La Justicia Mexicana no es ciega. Mira de reojo, prioriza, calcula sus movimientos. En su pragmatismo, la Justicia Mexicana parece haber concluido que atender el entendible reclamo de los poderosos tiene más importancia que atender los entendibles reclamos de las multitudes. En México, no todos tienen el poder necesario para susurrar cosas en los justos oídos de la diva. No todos comandan el poder necesario para obligarla a ser expedita. No todos concentran el poder necesario para lograr que ella fije su atención en el asunto que les preocupa. La Justicia en México, cuando aparece, opera de forma inherentemente injusta.
Miles de crímenes quedan impunes; tantos que nuestra sociedad se ha acostumbrado a la indolencia de nuestras autoridades. Aún ante los más desgarradores reclamos, la Justicia Mexicana permanece inmóvil y altiva, luciendo una venda sobre sus ojos. Nos presume su falsa ceguera, esa que le permite ignorar a los miles que lloran. Sin embargo, el teléfono rojo que ha sustituído a su icónica balanza interrumpe ocasionalmente la mentira. Del otro lado del auricular alguien que sí importa le reclama acciones contundentes. Algo le hicieron. Algo le robaron. Algo le quitaron. Y así, de manera excepcional, se activan engranes que en México solo operan a petición de los selectos.
Los funcionarios que antes no se coordinaban ahora sí se ponen de acuerdo. Las corporaciones de distintos niveles de gobierno comparten con prestancia la información que antes guardaban con recelo. Los asuntos que usualmente demoran años en el laberinto de la Procuración de Justicia Mexicana quedan resueltos en pocos minutos. Basta un cruce de llamadas para que las interpretaciones oficiales sobre el debido proceso se flexibilicen, y para que los indicios y las pruebas que antes eran descartados con argumentos procedimentales adquieran la contundencia de verdaderas balas de plata.
Cuando el poderoso sufre, y sobre todo cuando sufre de forma pública, el Estado se desdobla para atenderlo. En dichas ocasiones, el Estado pareciera recordar la urgente necesidad de demostrarnos que aún existen límites a la impunidad que nos rodea. El combate al crimen es siempre positivo, pero el fenómeno no deja de ser curioso. En cuanto alguien con suficiente poder pide apoyo, la Justicia Mexicana despierta de su habitual letargo.
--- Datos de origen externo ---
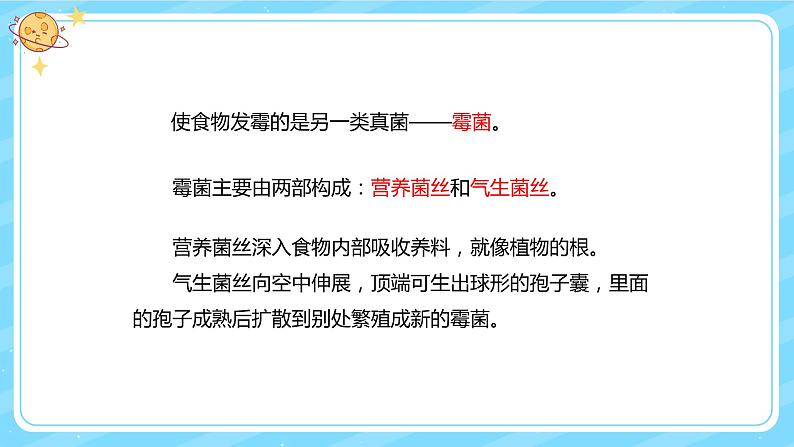 【核心素养】大象版小学科学六上 1.3《发霉的馒头》课件+教案(含教学反思)(1)06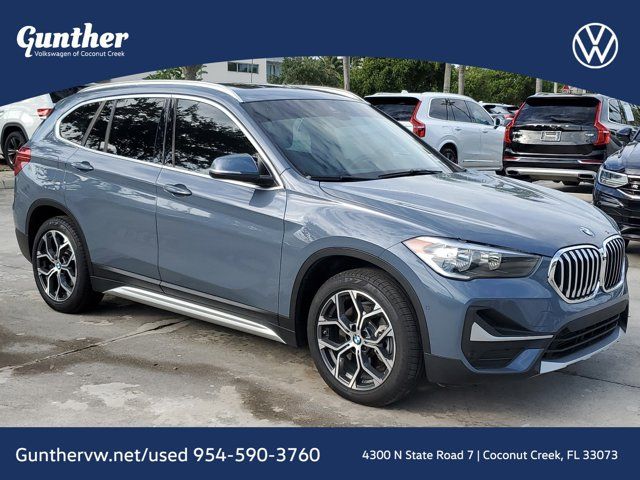 2021 BMW X1 sDrive28i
De manera mágica, el asunto planteado por el poderoso adquiere el dulce privilegio de la urgencia. Sus reclamos aparecen súbitamente hasta adelante de la fila, y no tardan en materializarse avances importantes en las investigaciones. La respuesta de la Justicia Mexicana al asunto planteado es típicamente tan sumaria, tan conspicua y tan contundente, que hasta la Venganza encontraría motivos para encelarse.
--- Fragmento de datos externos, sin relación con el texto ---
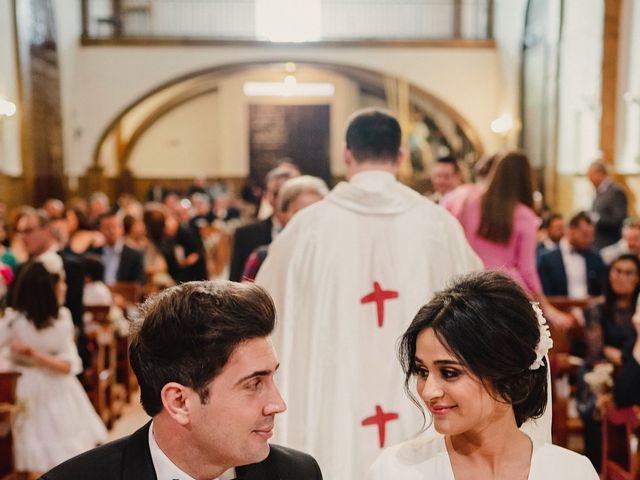 La boda de Jaime y Laura en Daimiel, Ciudad Real 54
La conclusión es que la Justicia en México parece depender del voluntarismo selectivo de la autoridad, y de las conexiones políticas de las víctimas. La Justicia se reduce así a un favor reservado para quien tiene el poder de solicitarlo. Habrá quien encuentre consuelo en esta lógica trágica, que finalmente demuestra que el Estado Mexicano sí existe. No es que no pueda protegernos, sino que no somos lo suficientemente importantes como para merecer su atención. Al parecer, ni nuestra humanidad, ni nuestra nacionalidad, ni nuestra ciudadanía bastan para lograr la atención de la Justicia Mexicana. Aparentemente, solo quien tiene el poder de comprometer personalmente al alto funcionario puede aspirar a que su dolor no quede impune.
Habrá quien sostenga que priorizar la defensa de las élites representa una política pública razonable. Algunos advierten que “si un golpe a la élite se queda sin castigo, la intemperie para el resto de los ciudadanos lucirá más inclemente”. Sin duda hay mérito en el argumento, pero creo que lo importante no es como luzca la intemperie, sino el ineludible hecho de que el ciudadano común vive sin resguardo. Para quien vive bajo la lluvia, ¿qué beneficio aporta saber que los poderosos tienen acceso a un paraguas?
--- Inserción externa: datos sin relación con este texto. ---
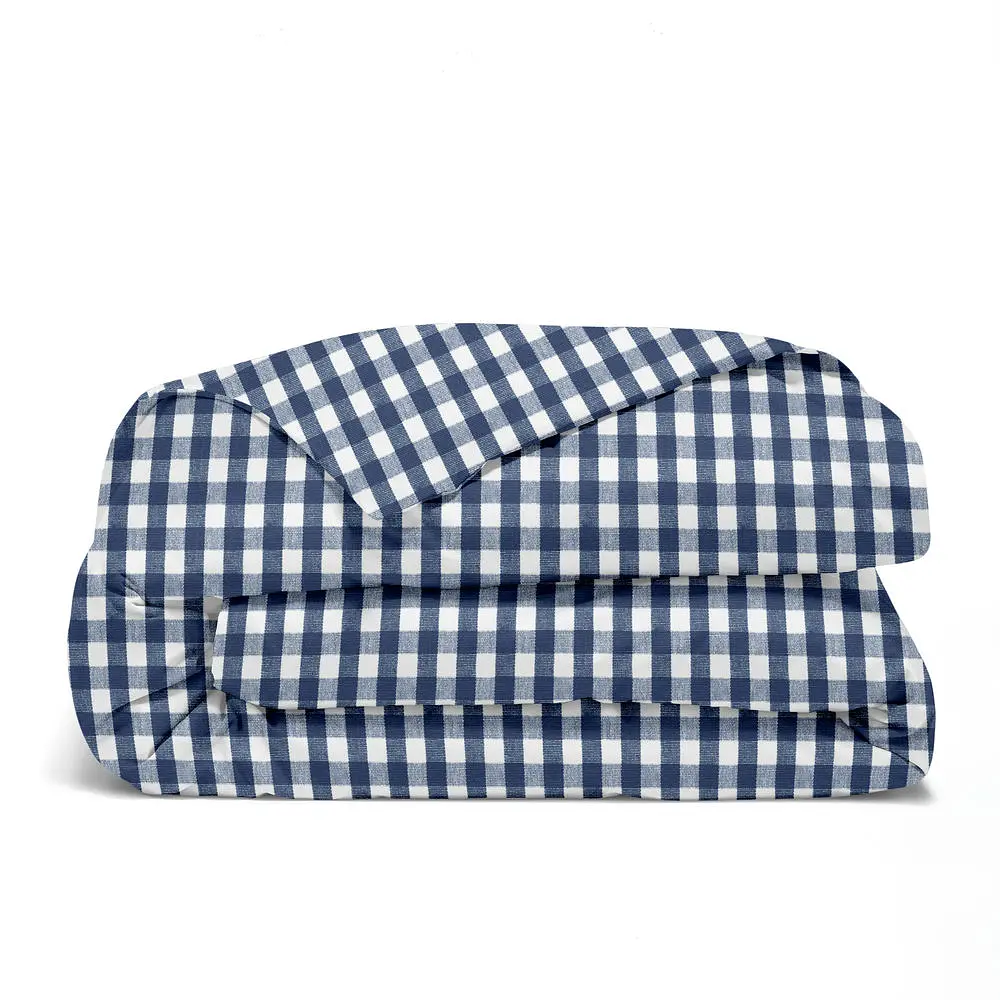 Дитяча постільна білизна в ліжечко NAVY CHECK COSAS (4822052404119) - фото 3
En cualquier caso, existe un mensaje menos confortante que también se desprende de esta dinámica. Si el poderoso puede movilizar al aparato de Procuración de Justicia, el poderoso también puede pautarlo o detenerlo. Si el actuar de la Justicia Mexicana depende de la voluntad de los funcionarios, tanto sus acciones como sus omisiones deben entenderse con sospecha. Si tener poder garantiza protección especial contra la impunidad, también ofrece licencia especial para actuar impunemente. La navaja corta por los dos lados, pues la variable crítica es el poder y no nuestras leyes. Lo anterior puede ser obvio, pero dice mucho sobre el triunfo de nuestros instintos animales:
Aquí no sobrevive quien tiene razón, sino quien es más fuerte.